There's a lot of infrastructure behind MapReduce and I bet you any implementation is going to have a lot more code in it than what is in Data.List.
Once things are in RAM (say, less than 1 GB), quicksort is the fastest algorithm (Edit: or some other optimized in-place variation on the theme such as introsort). You can parallelize across cores all you want but all that is going to do is crap up your caches and cause bus contention, making your code more complex and slower. The bottleneck is your databus not the CPU, after all what is the cost of a compare in clock cycles? This is also why mergesort is slower and parallelizing is not going to fix it.

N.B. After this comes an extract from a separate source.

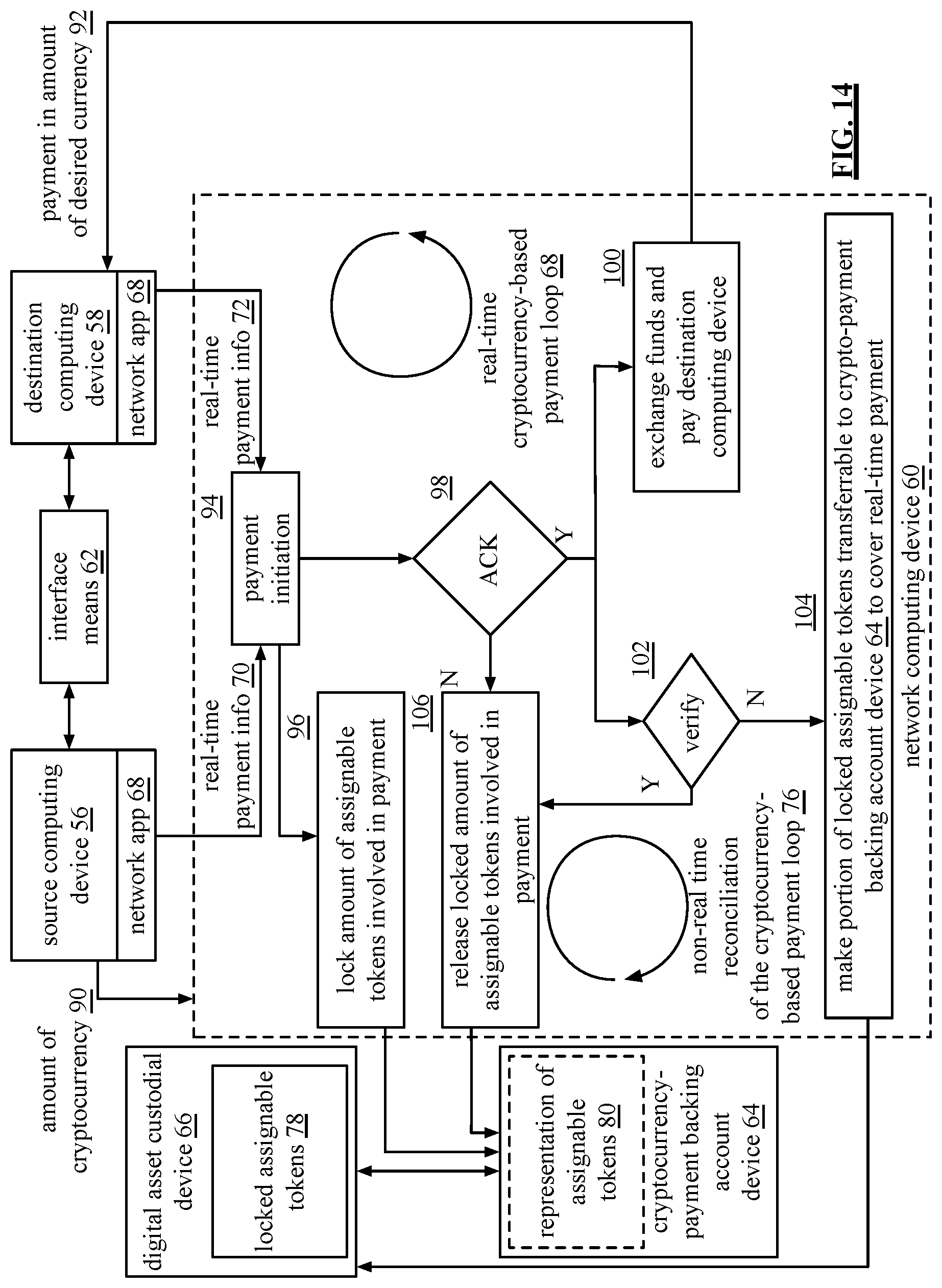 Patent US12165116 Figure 16 – Assignable token backed real-time digital asset exchange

If you want to see things that are parallelizable check out vectorizing libraries such as Thrust that run on massively parallel GPGPUs that have the bus design and RAM to handle that kind of parallelization. They are written in C++ and both the implementation and the code to use them looks almost the same like the code I posted. The compiler technology of other languages is years behind and currently can't even target these kinds of architectures.
I've seen GPU massive parallelization in Haskell and all it did was to generate C code and then invoke the CUDA compiler. This was in a research paper. In the meantime you can fire up nvcc with Thrust and sort bazillion of keys with less than 10 lines of code in C++ using a well-tested library.
Edit: BTW, anyone (and I really don't know who would be doing this) who is even thinking of running a MapReduce Haskell cluster must have lots of free time and $$$ to burn on wasted CPU cycles.